COMMENTS: The story behind Straight to Hell is that filmmaker Alex Cox had assembled a number of punk bands for a concert in Nicaragua, which had to be canceled due to political turmoil. With his schedule involuntarily cleared and time on his hands, he sat down with a guy named Dick Rude (!) and scratched out a movie script in three days, using the musicians and whoever was available on short notice as actors. The result is a silly spoof, made on the spur of the moment, with punk rockers trying to be comedians. There’s a party vibe, and it’s clear that the cast and crew had a blast farting around in the desert. It’s equally clear that you will never have as much fun watching it as they did making it.
Sy Richardson (whom Cox had worked with before on Repo Man and Sid and Nancy) was one of the few actual actors available for the project on short notice, so the prolific character actor gets a rare featured role here, and makes the best of the opportunity. (Because he’s cool, black, and wears a suit and tie while brandishing a gun, he’s often pointed to as a precursor to Samuel L. Jackson’s Jules in Pulp Fiction).
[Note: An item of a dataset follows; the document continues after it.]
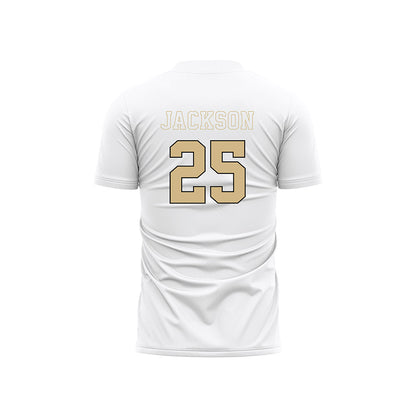 Wake Forest - NCAA Men's Soccer : Will Jackson - Pattern White Soccer Jersey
The Clash’s Joe Strummer is second-in-command, while Rude takes the role of the youngest and jumpiest of the gang. Courtney Love is Sy’s shrill, preggo girlfriend, who’s so effectively annoying that they effectively write her out of the script after the setup. Besides the main cast, Eighties underground culture aficionados can keep an eye out for cameos by the Pogues, Elvis Costello, Grace Jones, Jim Jarmusch, and even Dennis Hopper.
And yes, it is weird, although more in the vein of a spectacularly drunk Mel Brooks than of Alejandro Jodorowsky. The credits list a “sex and cruelty consultant” (a bit tongue-in-cheekly, since there’s not terribly much of either). What you do get it some attempted slapstick from musicians trying to be comics, scenes spoofing Once Upon the Time in the West and Cool Hand Luke, hard-to-understand accents (not only from the rotten-toothed Shane MacGowan), a Western hot dog vendor, a butler who serves coffee to desperate killers, a barrelhouse piano version of “Night on Bald Mountain,” a musical number (including “Danny Boy”) or two, and a long conclusory shootout to prune the cast (including a few extra bodies like Jarmusch who show up at the last minute to get mowed down). Perhaps the oddest touch of all are two brief shots of Ray Harryhausen-style animated skeletons: a wolf who howls at the moon and a human clutching a knife between its teeth. It’s like Cox bought a few seconds of unused footage from a Charles Band production and shoehorned them into his movie at random. Whatever charm Straight to Hell possesses comes from the fact that you seldom have any idea what will happen next.
The story is supposedly based on the Canonically Weird Django Kill… If You Live, Shoot!—Cox went so far as to secure the adaptation rights—but the similarities between the two films are completely superficial. Remastered with new digital gore effects and re-released in a director’s cut in 2010, Straight to Hell is obscure, but Kino-Lorber’s 2018 edition with director’s commentary is actually its third appearance on DVD (it was released by Anchor Bay in 2001, and by Microcinema DVD under the title Straight to Hell Returns in 2010). The film is also available on Blu-ray or streaming outlets.